Part of collection: Hyper-converged Homelab with Proxmox
One of the objectives, of building my Proxmox HA Cluster, was to store persistent Docker volume data inside CephFS folders.
There are many different options to achieve this; via Docker Swarm in LXC using Bind Mounts, Docker Third Party Plugins that are hard to use and often outdated.
Another option for Docker Volumes was running GlusterFS, storing the disks on local NVMe storage and not using CephFS. Although appealing, it's adding complexity and unnecessary resource consumption, while I already have a High Available File System (CephFS) running!
Evaluating all the available options, it became clear to me that Docker already has everything onboard what I need! With VirtioFS I already mount CephFS volumes in all my Docker Swarm VM's.
mnt_pve_cephfs_docker 9.1T 198G 9.0T 3% /srv/cephfs-mounts/docker
I just needed something to connect 'plain' Docker Volumes to the VirtioFS CephFS mounts on my systems.
Fortunately it's possible, using the Docker driver: local
option, to let docker when it's creating a volumes, to redirect the data to a CephFS folder and not store it on the local filesystem. So effectively it's a local volume that points to a VirtioFS mount in the VM connected to CephFS.
Regardless if Docker Swarm or Host mode is used, it's necessary to manually create the folder for the Docker volume on CephFS.
mkdir /srv/cephfs-mounts/docker/<volumename>
In this setup, the container can freely move to other Swarm Nodes. No matter where it 'lands' it creates a local Docker Volume or uses an already existing one that is pointing to the VirtioFS mount. No matter on which host, the volume has access to the same folder /srv/cephfs-mounts/docker/<volumename>
.
version: '3.8'
services:
web:
hostname: <hostname>
image: nginx
volumes:
- <volumename>:/var/www/html
volumes:
<volumename>:
name: <volumename> # Control the name of the volume
driver: local
driver_opts:
o: bind
device: /srv/cephfs-mounts/docker/<volumename>
type: none
If using just one Docker Host or for testing purposes, this method is better and more straightforward.

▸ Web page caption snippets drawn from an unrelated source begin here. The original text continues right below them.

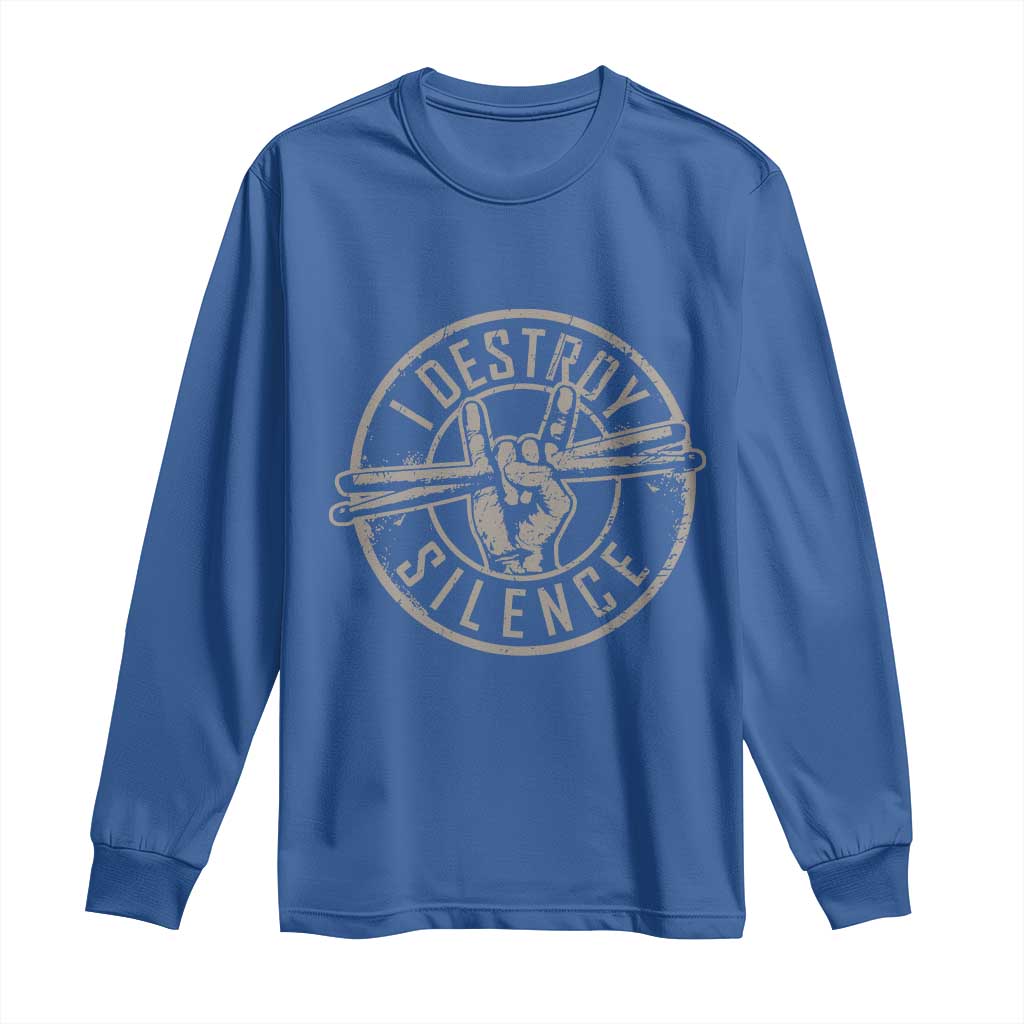 Funny Drummer Long Sleeve Shirt Musician Gift Percussion Lover TS10 Royal Blue Print Your Wear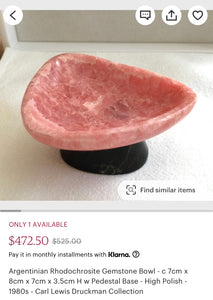 Collectors Rhodochrosite bowl or sphere stand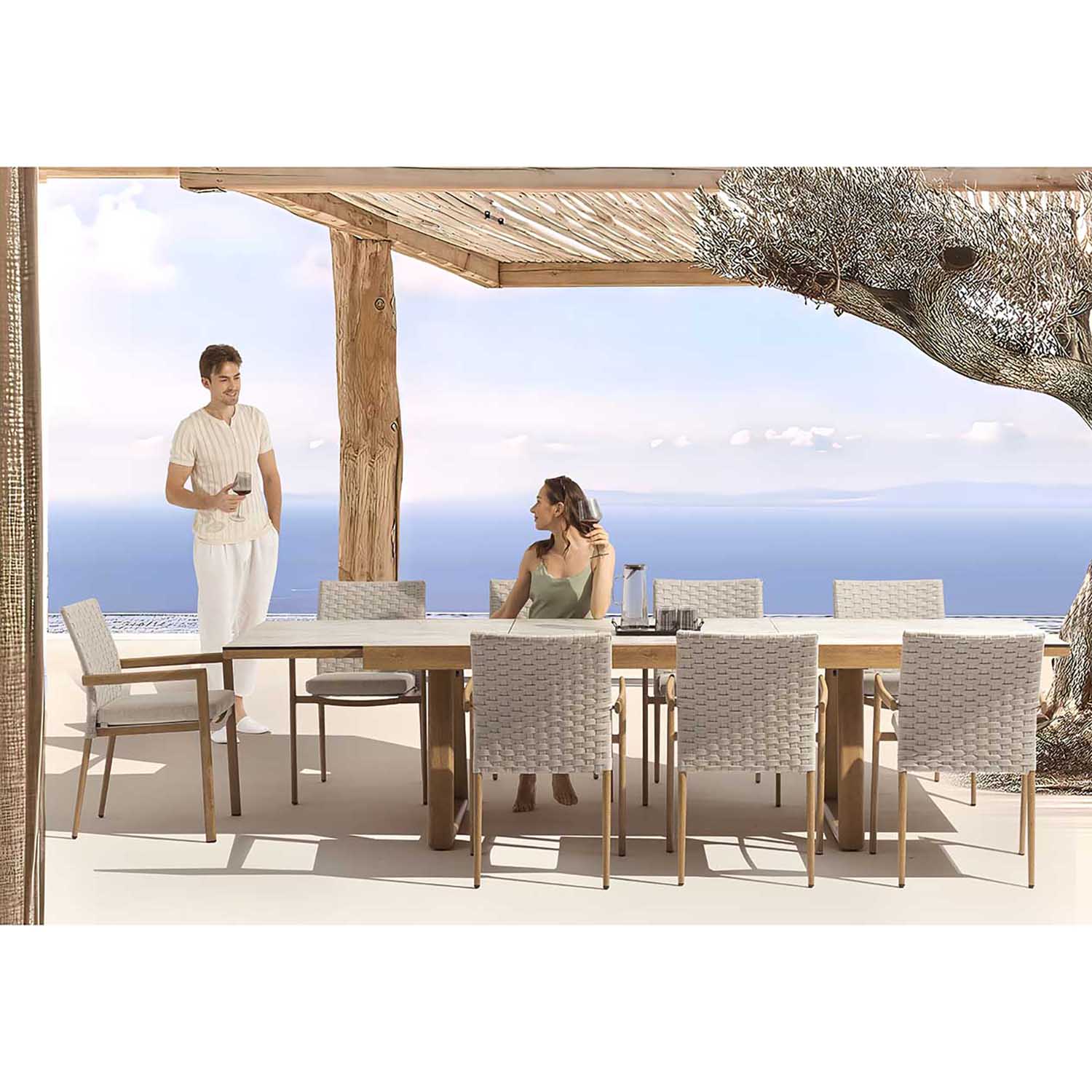 Mykonos Table Regina Chair Outdoor Dining Setting - Image 6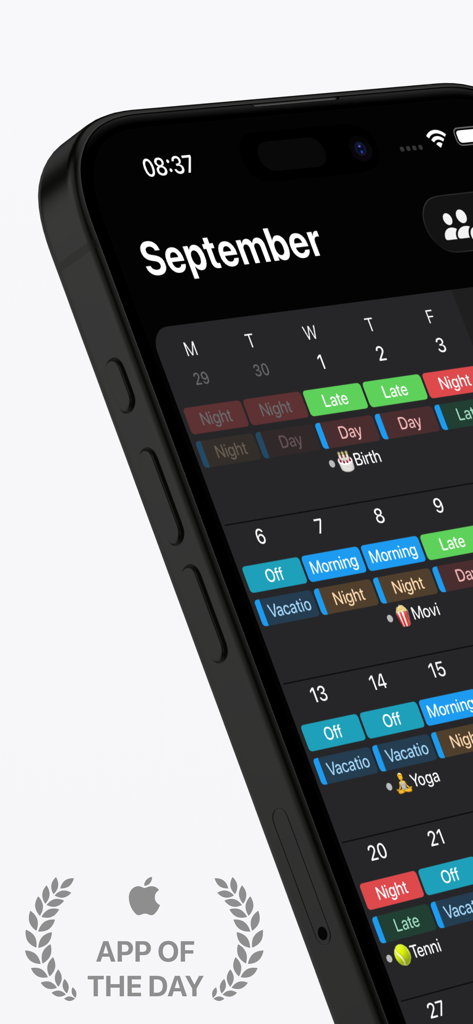 Supershift Shift Work Calendar - Pantalla de iPhone que muestra el calendario de trabajo Supershift con turnos codificados por colores en modo oscuro.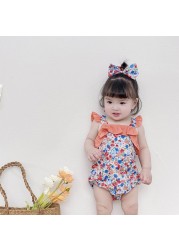 Newborn Baby Sleeveless Cotton Bowknot Rompers With Bow Ruffle Floral Print Bodycon Bodycon Rompers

Create the volume beforehand.
docker volume create \
--driver local \
--opt type=none \
--opt o=bind \
--opt device=/srv/cephfs-mounts/docker/<volumename> \
<volumename>
Now the volume can be used in Docker Compose and with an external reference.
version: '3.8'
services:
web:
hostname: <hostname>
image: nginx
volumes:
- web_data:/var/www/html
volumes:
<volumename>:
external: true
root@dswarm01:~# docker volume inspect root_web_data
[
{
"CreatedAt": "2023-10-05T11:21:59+02:00",
"Driver": "local",
"Labels": {
"com.docker.compose.project": "root",
"com.docker.compose.version": "2.21.0",
"com.docker.compose.volume": "web_data"
},
"Mountpoint": "/var/lib/docker/volumes/root_web_data/_data",
"Name": "root_web_data",
"Options": {
"device": "/srv/cephfs-mounts/docker/web_data",
"o": "bind",
"type": "none"
},
"Scope": "local"
}
]
Inside the container, the mnt_pve_cephfs_docker 9.1T 197G 9.0T 3% /var/www/html
is connected.
root@4e4aa5c02bc8:/# df -h
Filesystem Size Used Avail Use% Mounted on
overlay 20G 2.6G 16G 14% /
tmpfs 64M 0 64M 0% /dev
shm 64M 0 64M 0% /dev/shm
/dev/sda1 20G 2.6G 16G 14% /etc/hosts
tmpfs 3.9G 0 3.9G 0% /proc/acpi
tmpfs 3.9G 0 3.9G 0% /sys/firmware
mnt_pve_cephfs_docker 9.1T 197G 9.0T 3% /var/www/html
I'm using the 'long syntax' Yaml syntax, because like that, all the logic to run a container is inside the docker-compose.yml files.
The Docker Swarm host will be pinned to a Proxmox host and won't migrate, only the Docker containers will move.
After I create the folder for a Docker Stack Container on CephFS, Yaml does the rest, without needing any intervention.
Pools
Regarding 'replicated' pools, my systems have three SSD disks each:
WD-Blue NVMe's
Those are local drives without Ceph pools holding Proxmox and pinned VM's like the Docker Swarm Nodes. They don't need to migrate because the Docker Containers move!
Samsung 980 Pro NVMEe's
These have a single replicated Ceph pool holding my VM's and LXC's. This is setup for speed and redundancy. Each Proxmox host has a full copy of all VM's and LXC's!
WD-Green SSD's
These have various erasure coded pool, setup to maximize the amount of usable storage, I have multiple backups (SSD, Backblaze of this data) no issue if I might lose it!